Le mécanisme de solidarité est un élément central du nouveau cadre migratoire, conçu pour assurer une répartition plus juste des responsabilités. Il oblige la plupart des pays de l'UE à fournir une assistance, qui peut prendre la forme d'une relocalisation de demandeurs d'asile ou d'un soutien financier et logistique. Un compromis, qualifié de "solution de contournement bruxelloise", rend la solidarité obligatoire mais pas la relocalisation. Les pays peuvent choisir de contribuer financièrement pour chaque personne qu'ils refusent d'accueillir, une clause pensée pour accommoder des pays comme la Pologne et la Hongrie, opposés aux relocalisations obligatoires. Par ailleurs, la Commission a reconnu que la Bulgarie, la Tchéquie, l'Estonie, la Croatie, l'Autriche et la Pologne font face à des "situations migratoires significatives", leur permettant de demander une réduction de leurs contributions. Le commissaire aux Affaires intérieures, Magnus Brunner, a souligné que la mise en œuvre du pacte est une question d'équilibre entre "solidarité et responsabilité".

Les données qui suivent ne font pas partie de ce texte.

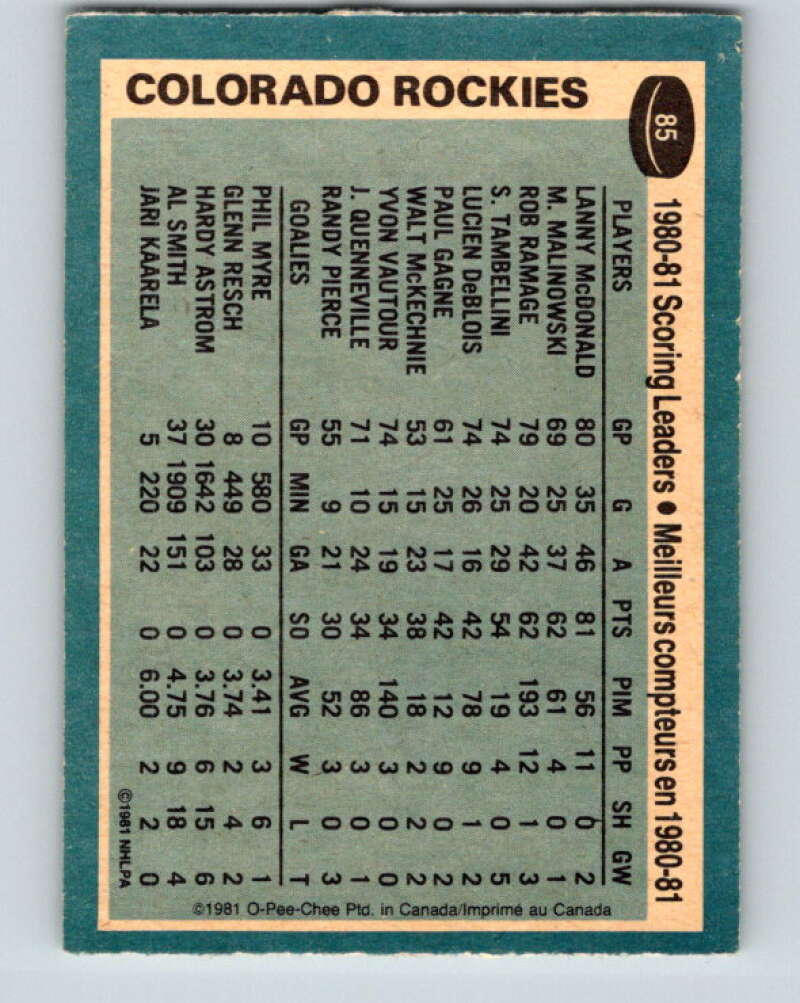 1981-82 O-Pee-Chee #85 Lanny McDonald TL  Colorado Rockies  V30029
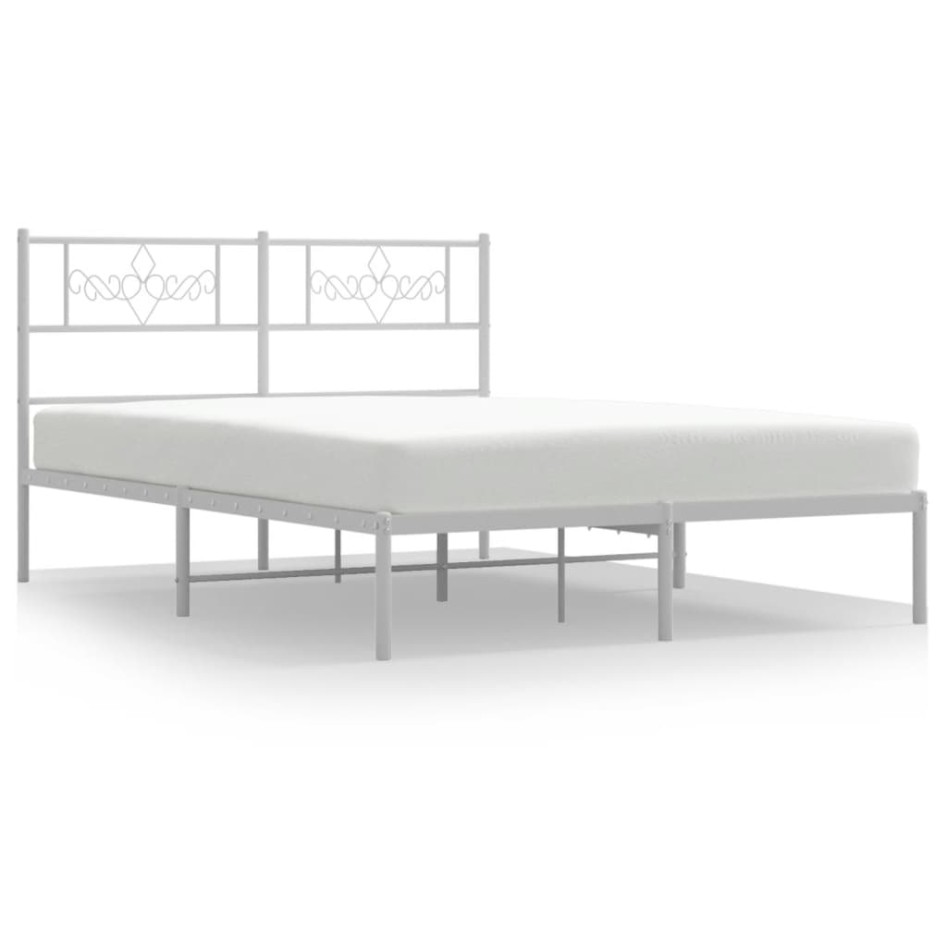 Estructura cama sin colchón con cabecero metal blanco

Pacte migratoire de l'UE : la Commission active le mécanisme de solidarité pour les pays en première ligne
La Commission européenne a officiellement désigné les pays qui bénéficieront de l'aide de l'UE dans le cadre du nouveau pacte sur la migration et l'asile, ainsi que ceux qui seront exemptés de contribution. Cette étape clé met en œuvre le "pool de solidarité", un mécanisme controversé visant à répartir plus équitablement la gestion de la pression migratoire au sein de l'Union. La Grèce, Chypre, l'Espagne et l'Italie ont été formellement reconnus comme étant sous "pression migratoire aiguë" et sont donc éligibles à une assistance à partir de mi-2026.